In all of these official days, all Turkish students are gathered in school yards or stadiums, and are enlightened about all the great things that Atatürk did for us: He “saved” us from the sultan, liberated us from the enemies and gave us the unshakable “principles” that will guide the nation until eternity. (Of course, we are never reminded of unpleasant facts such as that Atatürk, as a politician, silenced all his opponents, closed down all rival parties and never bothered to compete in free and fair elections.) The whole effort is aimed at portraying Atatürk as an all-knowing, and all-righteous leader, who can be only venerated and obeyed, but never questioned.
No wonder the same official rhetoric proudly defines the Republic of Turkey as “the Atatürk Republic.” I am leaving it to you to figure out which regimes in the 20th century have been similarly defined with the name of a single (and unelected) political leader. Let me just point to something else: Keeping Turkey as “the Atatürk Republic” has a very pragmatic benefit for those who define themselves as “Atatürkist.” It implies a political system to which they have an exclusive right to own and utilize, whereas the non-Atatürkists can only be second-class citizens, and even deserve to be labeled as “enemies within.”

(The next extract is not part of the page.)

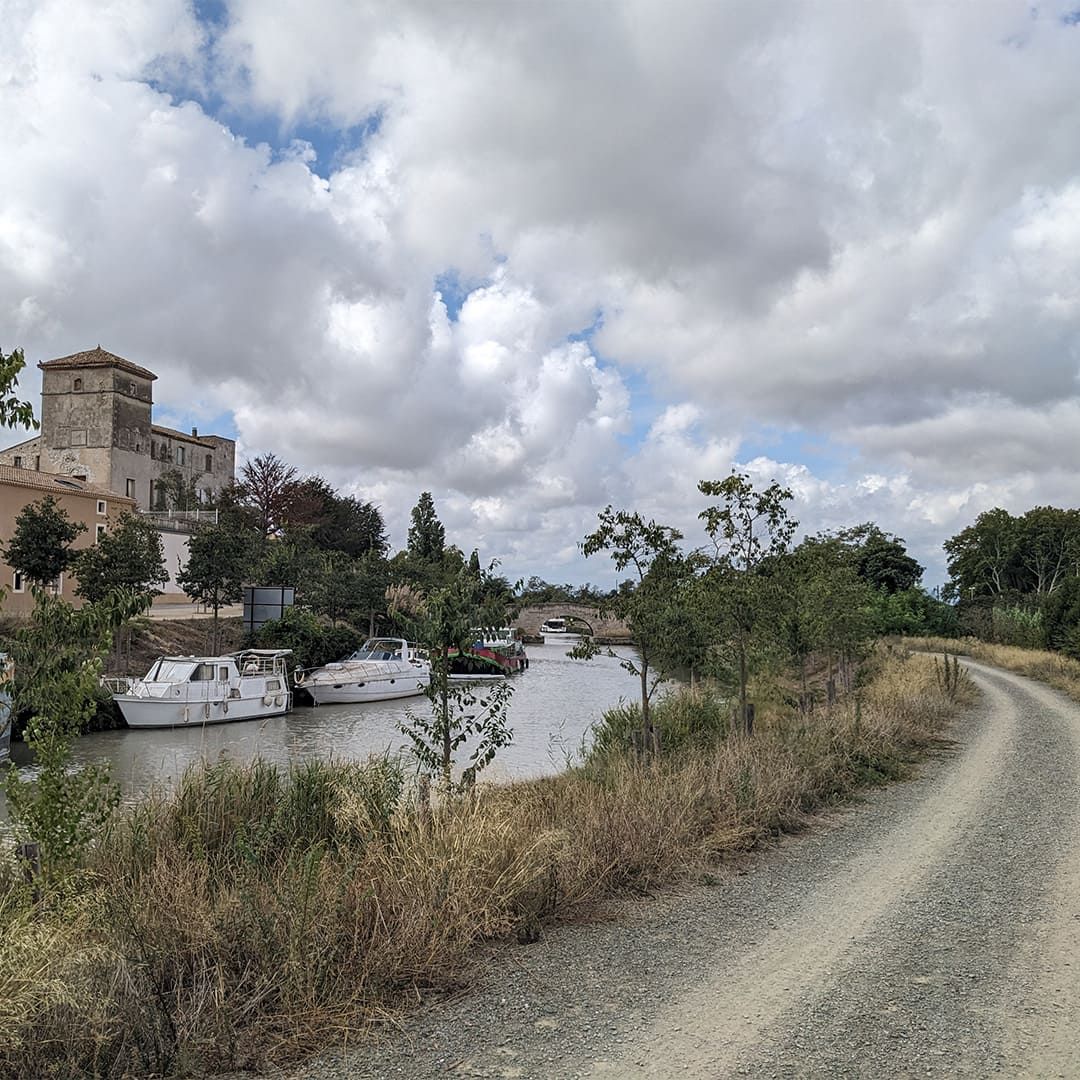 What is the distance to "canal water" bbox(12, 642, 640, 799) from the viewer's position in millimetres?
18891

Now, my problem with “the Atatürk Republic” is not just that it is discriminatory against a very large part of the society – which includes conservative Muslims, ethnically conscious Kurds or liberals. It also is a roadblock to meritocracy: In a political system defined mainly by the charisma of a person, your allegiance to that person becomes much more important than your merits. What matters is not your skills and your hard work, but your loyalty to the leader and his “path.” (The same problem, of course, occurs within other political traditions in Turkey, including the center right. “Loyalty to Erdoğan,” for example, is too much of a value in the ruling Justice and Development Party, or AKP. But we at least do not have an “Erdoğan Republic.”)
Another problem with “the Atatürk Republic” is the intense collectivism that lies at its core. According to its official ideology, the individual is really not a big value in itself. Thus he or she can be easily sacrificed for a collective body called “the nation.” (“Let my existence be a gift to Turkish existence,” reads the oath that Turkish students take every morning.)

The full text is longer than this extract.